The weak growth in middle-income jobs would make it harder for low-income workers to improve their lots, Ross said.
She said automatic increases in the minimum wage to keep up with inflation, an earned income tax credit for low-wage workers and improving the state’s schools and job training programs would help close the gap.
“The best way to attract high-wage jobs, good jobs, to California is by making sure that the education system turns out well-trained workers,” she said. “In the short term, people follow jobs. But in the long term, jobs tend to follow workers. Employers will go where they find a highly educated work force.”
She said education isn’t a sure cure. One of the “troubling trends” found by the study was that earnings of young college graduates did not keep pace with inflation between 2000 and 2006, Ross said.
Art Pulaski, executive secretary-treasurer of the California Labor Federation, said the report demonstrates the need for federal tax policies that reward companies that keep jobs in the U.S.
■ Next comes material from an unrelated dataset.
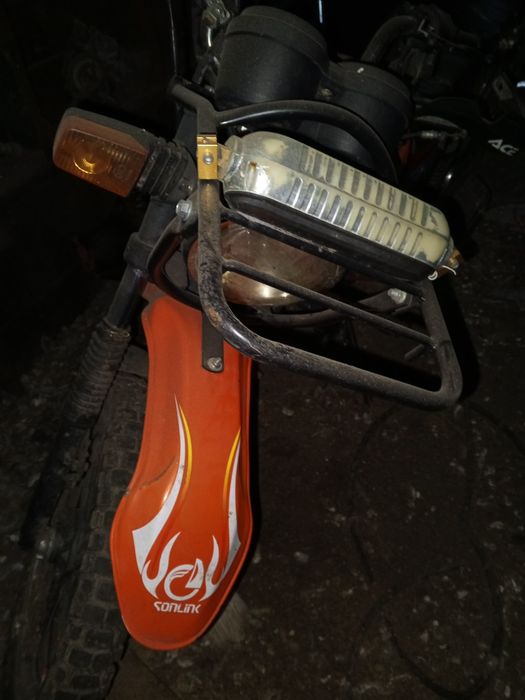 Продам мотоцикл сонлинк 200 кубов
He also said corporations should rethink their policies and shift more of their wages to lower- and middle-income workers.
“The middle class is disappearing,” he said. “We’re losing out on wages and somebody else is gaining, and that somebody else is primarily the executives and businesses. The good jobs are being sent overseas, and more and more what we’re seeing is service sector jobs, which tend to be lower-wage jobs.”
Vince Sollitto, a spokesman for the California Chamber of Commerce, said the report’s findings demonstrate the value of enterprise zone programs that give businesses tax breaks for locating in distressed areas.
He said it also “reinforces the danger of imposing unique, California-only mandates on business.”
The report did find that the wage gap between men and women in California had narrowed. The typical woman made 87 cents for every dollar made by her male counterpart in 2006, compared to 63 cents for every dollar in 1979.